Bis zum Jahresende erwartet Aniko Korsos bei den Spitzenmieten „keine weitere Veränderung, denn die Nachfrage nach attraktiven Ladenlokalen in hochfrquentierten Einkaufslagen ist nach wie vor sehr hoch und es drängen weiterhin neue Konzepte auf den deutschen Markt“. Deshalb kann sie sich vorstellen, dass der Vermietungsmarkt mit Blick auf die in den ersten neun Monaten verlässliche Flächennachfrage auf ein Jahresendergebnis von 450 000 bis 460 000 qm zusteuert – das wäre in etwa auf Vorjahresniveau.

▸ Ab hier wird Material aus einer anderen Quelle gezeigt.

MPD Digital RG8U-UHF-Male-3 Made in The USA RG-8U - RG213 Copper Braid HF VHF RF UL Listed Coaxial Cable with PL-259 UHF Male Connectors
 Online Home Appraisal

In diesem Kontext hofft Christoph Scharf nach den jüngsten Erfahrungen mit neu angemieteten Großflächen, die kurzfristig wieder freigesetzt wurden, „dass sich die im Jahr 2024 getätigten Vermietungen als nachhaltiger erweisen werden“ – vor allem für die Nachvermietungsprozesse in den leerstehenden Galeria-Warenhäusern, die für die Einzelhandelslandschaft in den kleineren Städten von großer Bedeutung sind. Aus seiner Sicht kann der Retail-Sektor insgesamt jedoch zuversichtlich in das Schlussquartal blicken, das gerade durch das Weihnachtsgeschäft besonders wichtig ist.